Wednesday, July 16, 2014

Youth Ministry and Church Revitalization

I have noticed that in recent years, there has been a hard push by many pastors and leaders in the SBC for church planting. I myself am a southern baptist, and will be because of doctrine and methodology. However, I am not so sure that I am fully on the band wagon with this approach to church planting. I am certainly not against church planting, but see it as an important ministry of the local church. However, I am concerned that there is a desire to cast off some of the churches that are floundering for the sake of planting a new one. Agreed, that there is such a thing as a dead church. Some churches have not reached out to their community in a long time, and the result is devastating. No new people, means no growth, no growth, means a slow death. Slowly but surely the pastor of such a church will watch his congregation die as he buries them. Then, the church will close its doors. I am keenly aware that many churches are on this scary path, but to have the attitude of letting these churches die and just go plant a new one, that fits the model the modern pastors believe is correct doesn't seem right.

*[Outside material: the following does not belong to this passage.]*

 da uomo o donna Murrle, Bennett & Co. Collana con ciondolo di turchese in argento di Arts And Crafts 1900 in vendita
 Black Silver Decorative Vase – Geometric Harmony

So many times, ministers don't want to deal with the struggles of a "traditional" church underneath the leadership of pastor Fred and the deacons. Many ministers feel stuck and stagnant in some churches, and so the solution is to let a plateaued church die and plant a new one without all the perceived "hinderances" that come from a traditional church. I hear the phrase all the time from aspiring church planters, many that I went to seminary with, "it's easier to give birth than raise the dead," but doesn't this fly in the face of our God, who by his own design is in the business of bringing the dead to life?

First, I realize that church planting is perceived as easy, when assuredly it is not. Second, church planting is most likely easier than church revitalization. What I am concerned with is that a minister chooses to be a church planter because he wants the easy way that is within his means. However, I believe that faith requires me to trust in something that only God can do - resurrect the dead. I want to see dead churches reimagined and "replanted" to become vibrant, life giving faith communities.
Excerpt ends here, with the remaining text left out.